PROBLEM STATEMENT — Set the pictures aside and transcribe exactly the lines from the one containing "e rammarico per" through the final line of the records.
---*---
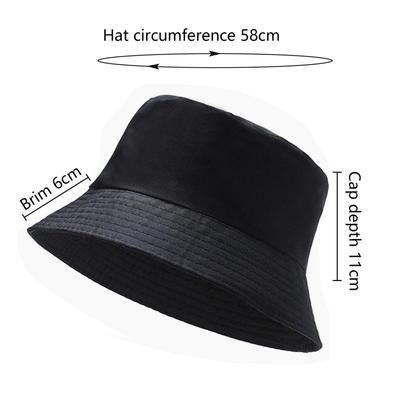 1Pc Men Women Outdoor Solid Color Leisure Tourism Sunshade Hat Bucket Fisherman Hat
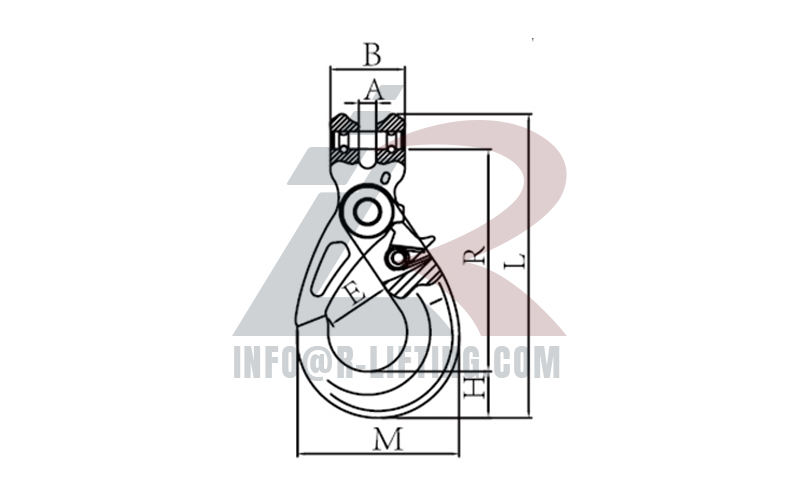 G100 Clevis Self Locking Hook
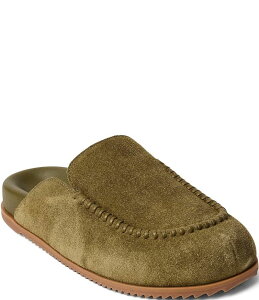 �W���b�N���W���[�X ���f�B�[�X �V���[�Y �p���v�X �X�G�[�h Jack Rogers Chesapeake Suede Clogs Olive �I���[�u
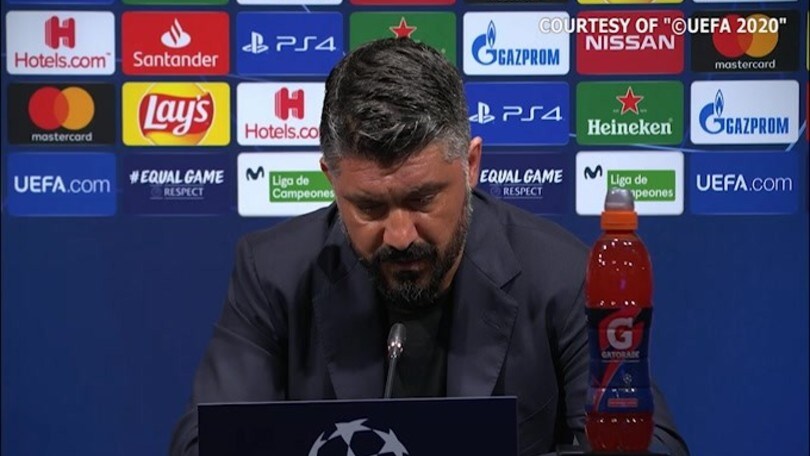 Gattuso: "Amarezza e rammarico per il risultato"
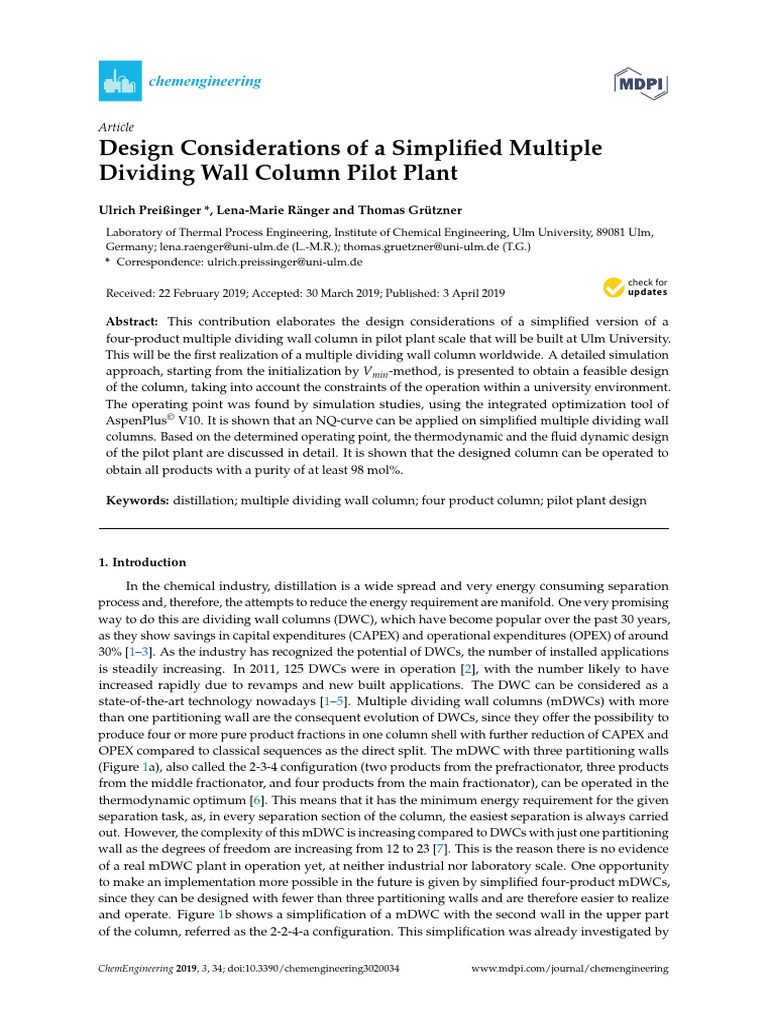 ChemEngineering 03 00034 | PDF | Applied And Interdisciplinary Physics ...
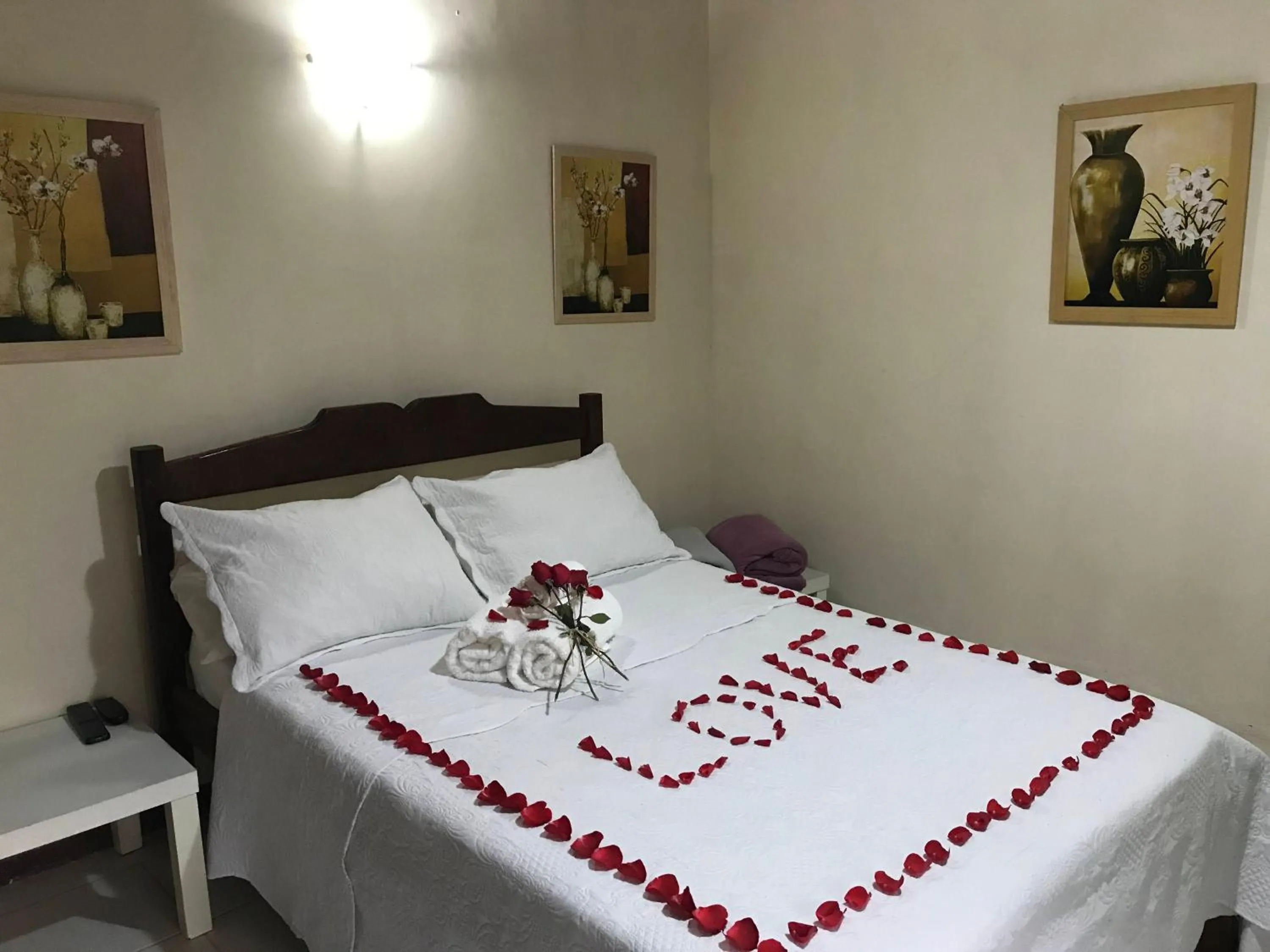 Bed in Pousada Cabanas da Serra Lumiar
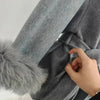 UCXQ Elegant OL Office Lady Overcoats Fur Patchwork Long Sleeve Woolen Coat Beautiful Women's Clothing Jacket Autumn 2025 Winter - MAGUSTA BEAUTY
---*---
SOLUTION BELOW —
 Gattuso: "Amarezza e rammarico per il risultato"
 ChemEngineering 03 00034 | PDF | Applied And Interdisciplinary Physics ...
 Bed in Pousada Cabanas da Serra Lumiar
 UCXQ Elegant OL Office Lady Overcoats Fur Patchwork Long Sleeve Woolen Coat Beautiful Women's Clothing Jacket Autumn 2025 Winter - MAGUSTA BEAUTY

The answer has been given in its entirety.